Soaring ambitions
Chico Museum curator Paul Russell talks about the current Grayson exhibit
Louisiana native Andrew Jackson Grayson was denied a career in art by his strict school teachers and even stricter father. After all, it was the early 19th century in America, and art was considered, at best, a luxury; at worst, a dilettante’s trifling, the dubious efforts of one with too much time on one’s hands. And so, as many have, he settled into a rather unremarkable life, opening a general store with a modest inheritance from his father’s estate, marrying and becoming a father himself.
But seemingly whatever the perception that long ago inclined him toward art, whatever the spark that inspires a unique view of the world, it still flickered within Grayson. And reignited. For in 1846 he and his young family pulled up stakes and joined the ranks of a wagon train on the Overland Trail bound for California. Along the way, Grayson began keeping notes on the various bird species he observed. And making sketches.
After a few years in San Francisco, Grayson happened onto John J. Audubon’s classic illustrated tome, Birds of America.
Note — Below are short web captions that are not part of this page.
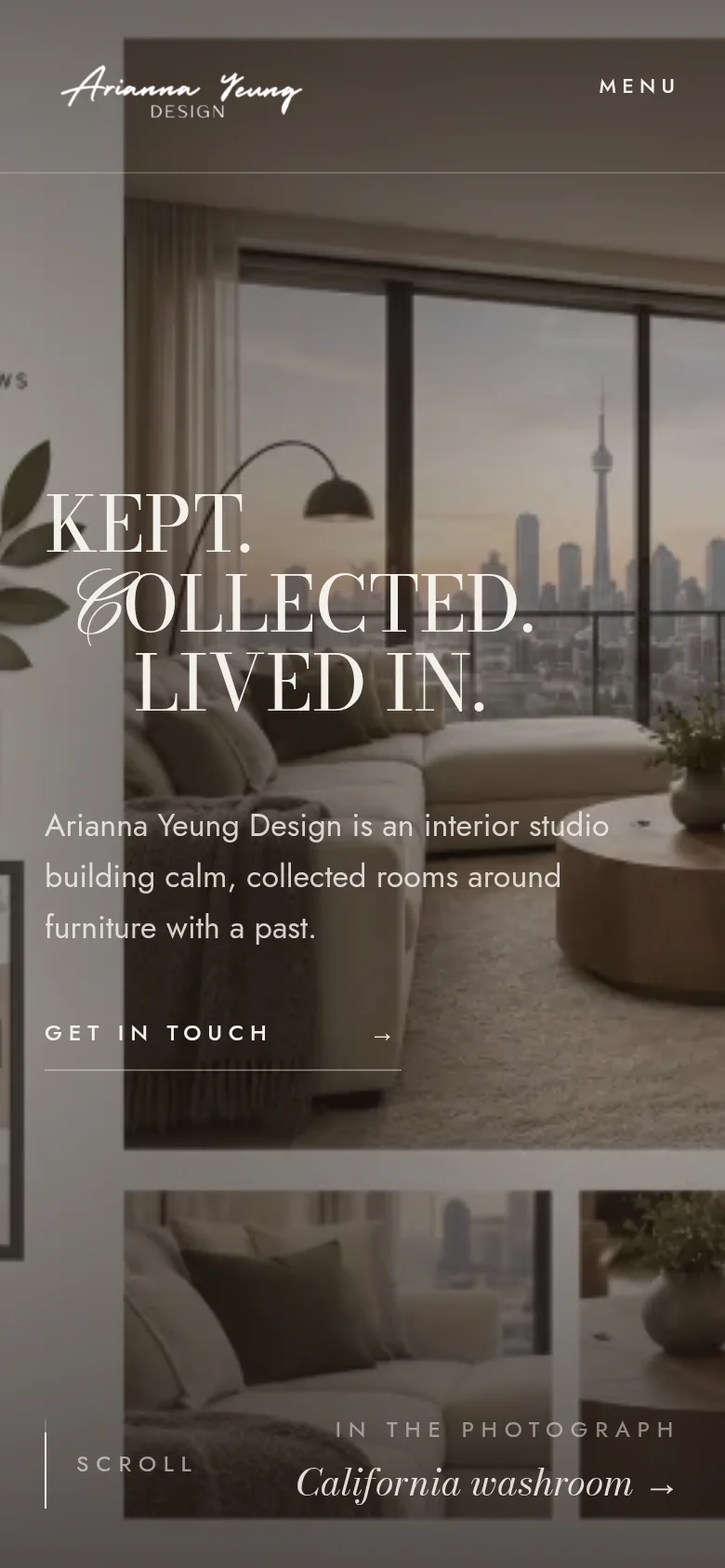 Homepage on a phone with the headline over a softened living-room photo.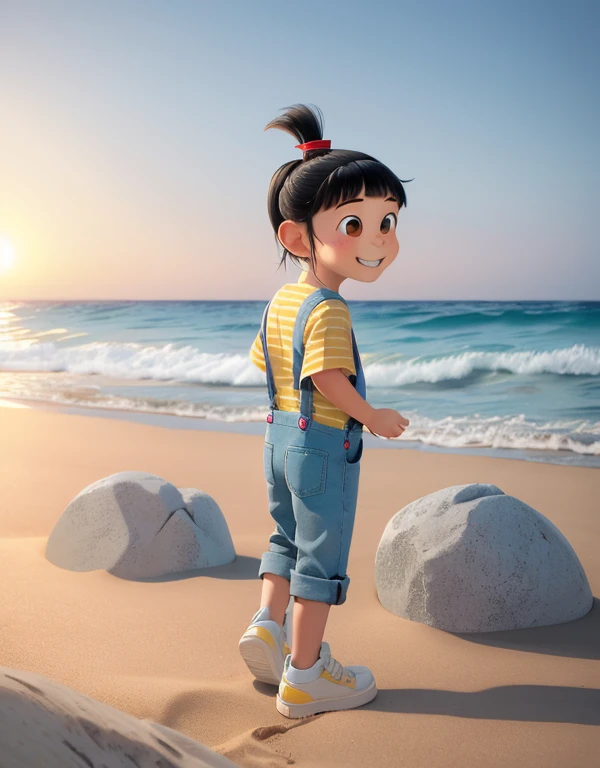 1girl, Black hair with straight bangs and a ponytail with a red band, big round brown eyes, slightly blushed cheeks, smiling expression, wearing a striped yellow and blue shirt, blue overalls, white shoes with gray soles ocean, palms, sand, sun, (child:1.2), rocks, back view, ass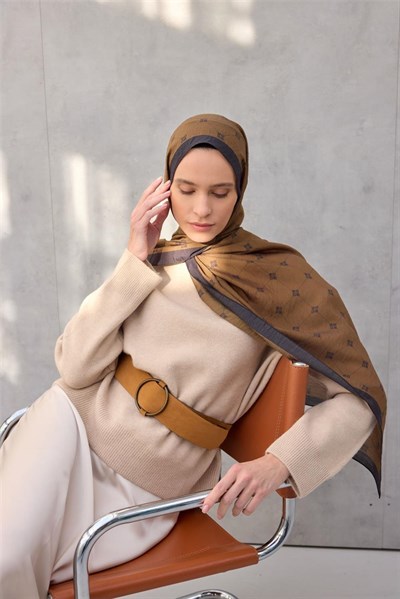 Olinda Şal Monogram Desen Taba 75*195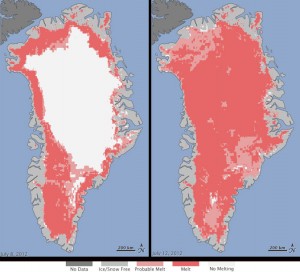 NASA observed rapid thawing on the surface of the Greenland ice sheet in July 2012.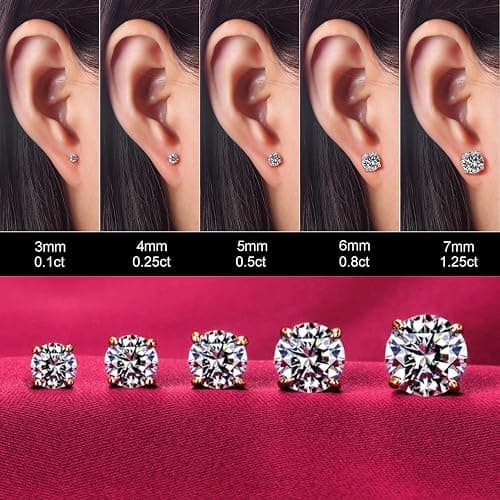 Kainier Women's 14K Gold Plated CZ Stud Earrings Simulated Diamond Round Cubic Zirconia Ear Stud Set（5 Pairs)… thumbnail 2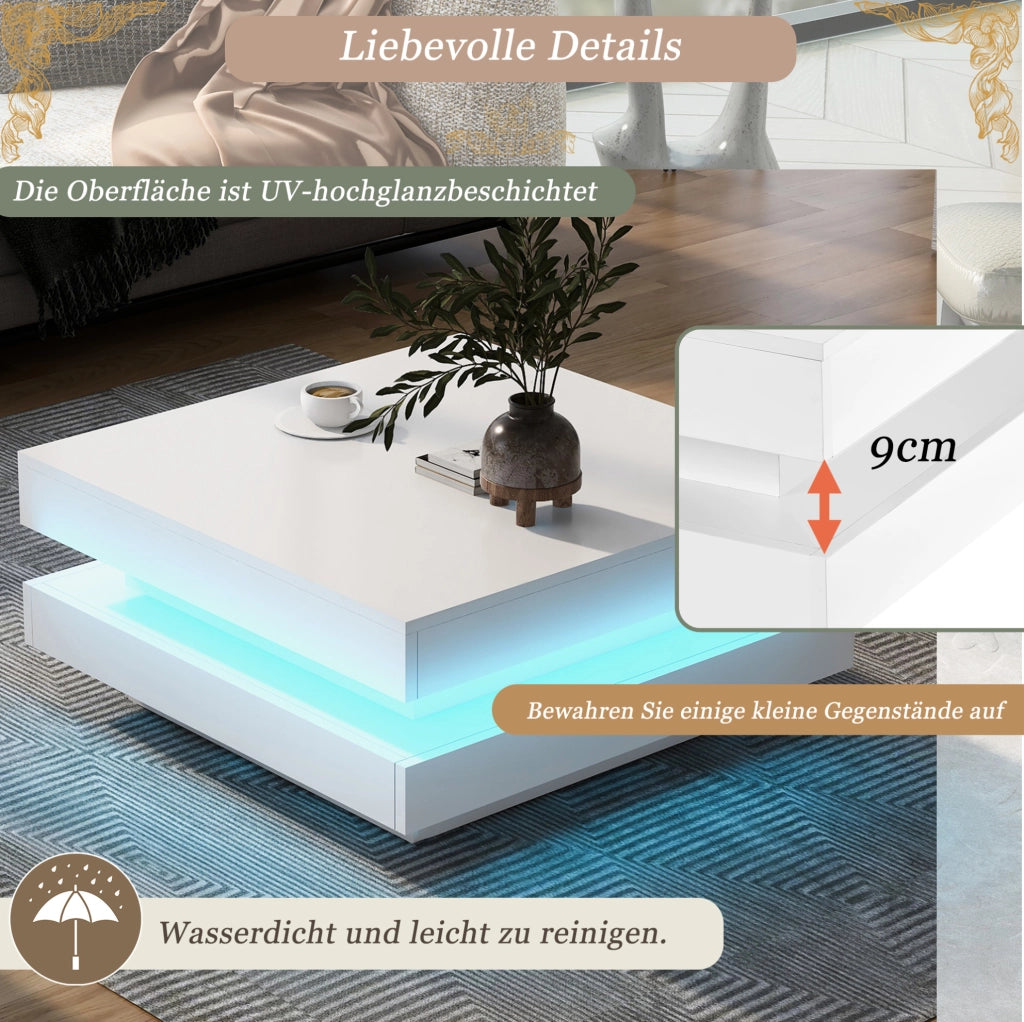 Tavolino da caffè quadrato bianco con illuminazione LED Bluetooth, 70 x 70 x 36 cm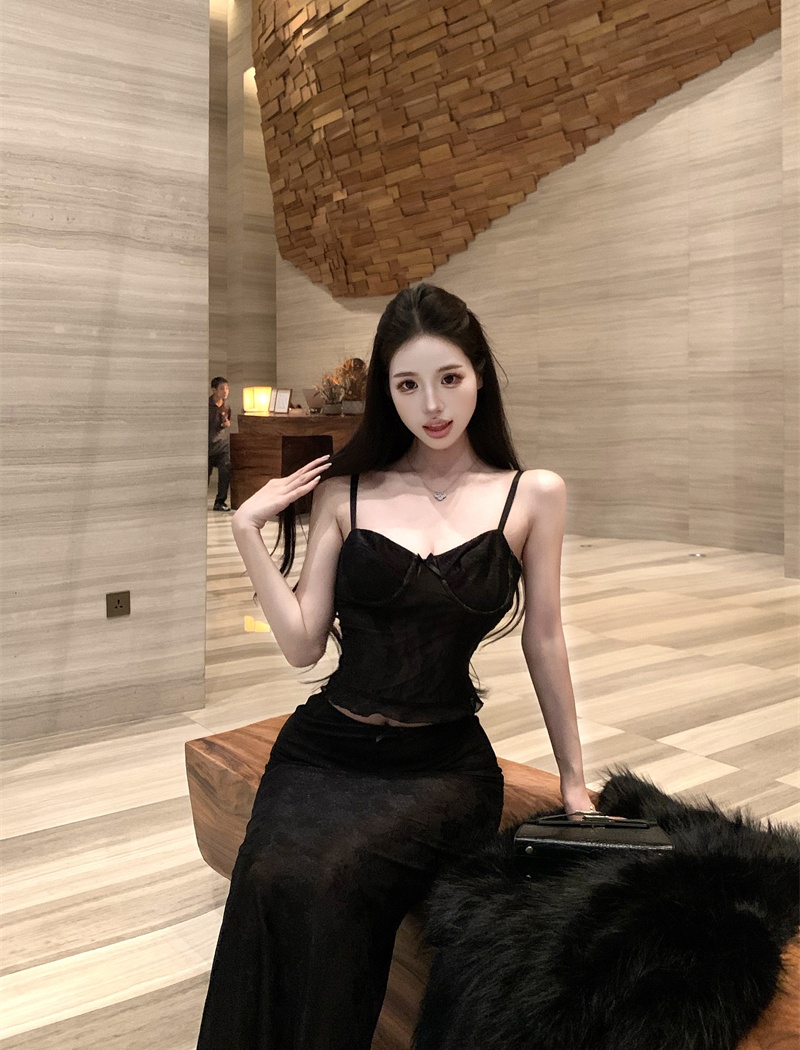 Sling sexy short skirt slim tops 2pcs set for women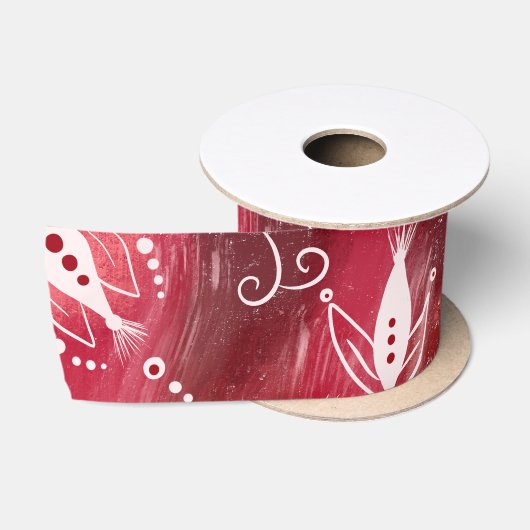 Red Floral Pattern Satijnen Lint (Spoel)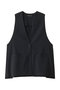 deep V neck wide vest ベスト ミズイロインド/mizuiro ind navy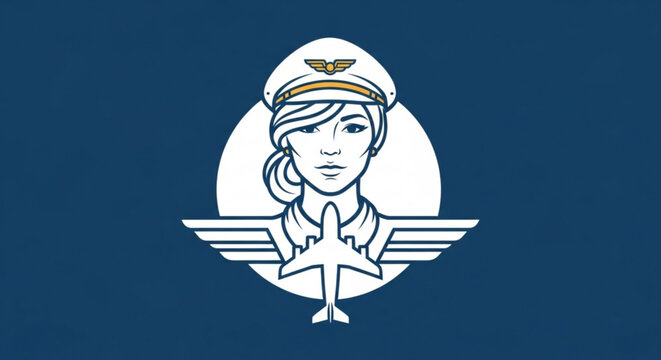 Female pilot logo with wings and hat on blue background for travel and aviation concepts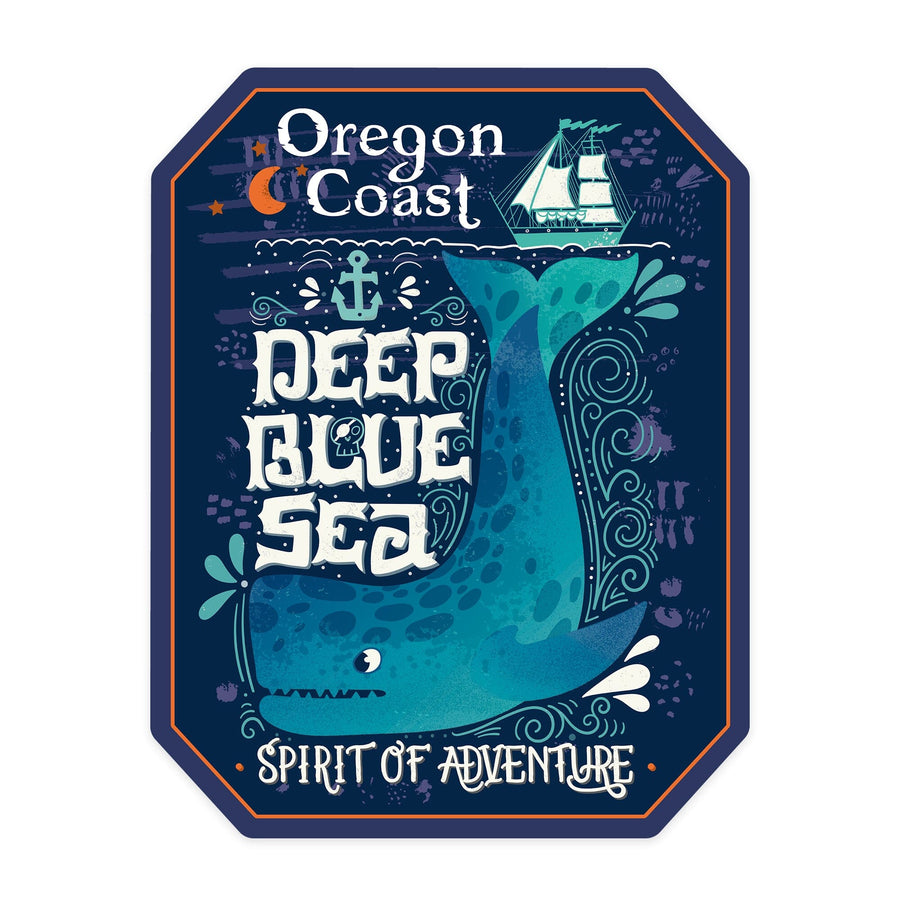 Oregon Coast, Oregon, Deep Blue Sea, Spirit of Adventure, Contour, Lantern Press Artwork, Vinyl Sticker Sticker Lantern Press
While impressed with Audubon’s watercolors of Eastern species, Grayson couldn’t help but realize the book did not contain any Western American birds. It was then that he realized his true calling.
Butte County native and the Chico Museum’s current curator Paul Russell didn’t have to undergo quite as much as Grayson did to realize his artistic ambitions. He says he always knew he wanted to work in a museum. Having attended school in the Oroville area, after graduating Russell enrolled at Chico State University.
"[The university] didn’t really have any degrees in museum curating,” Russell points out. Bespectacled, bearded, wearing his hair in a ponytail, the 30-something curator explains how he ended up at Chico Museum. Unable to study what he wished, Russell bided his time earning a bachelor’s degree in art, in lithography—printmaking with sections of stone. However, when he eventually enrolled to work on a master’s degree, it was as an anthropology student. Russell discovered that there were anthropology classes offered at Chico State that taught such things as museum display.
“I actually became the curator for the Museum of Anthropology,” Russell says. “From ‘92 to ‘96, something like that.” When he learned that the curator position was opening at the Chico Museum, Russell applied. And was surprised when he got the job—he hadn’t exactly completed his master’s degree!
Such traveling exhibits as the Grayson show are discovered by Russell through the museum’s membership with the California Exhibition Resource Alliance (CERA). From time to time, the statewide organization sends out information regarding these touring shows to the 10 to 15 small museums that make up its membership. What attracted Russell to this particular show was the fact that it possessed an outdoor theme compatible with this area, featured many birds known to the region, and presented the opportunity to exhibit some of the late Janet Turner’s fine bird portraits, as well as prints by Paul Feldhaus and other locally created bird-related artwork, in addition to displaying Grayson’s own work.
“This is basically a smaller version of a larger show of Grayson’s work from the Napa Valley Museum,” Russell explains. “We looked at it and said, ‘Yeah!'” For the Chico show, Russell obtained an interactive CD-ROM courtesy of the National Audubon Society featuring bird photographs and samples of their respective calls that viewers can summon up with a mere touch of their fingertips.
The Chico Museum exhibition of Audubon of the West: Andrew Jackson Grayson will remain on display through Friday, Feb. 7, before moving on to the city of Ontario, in Southern California.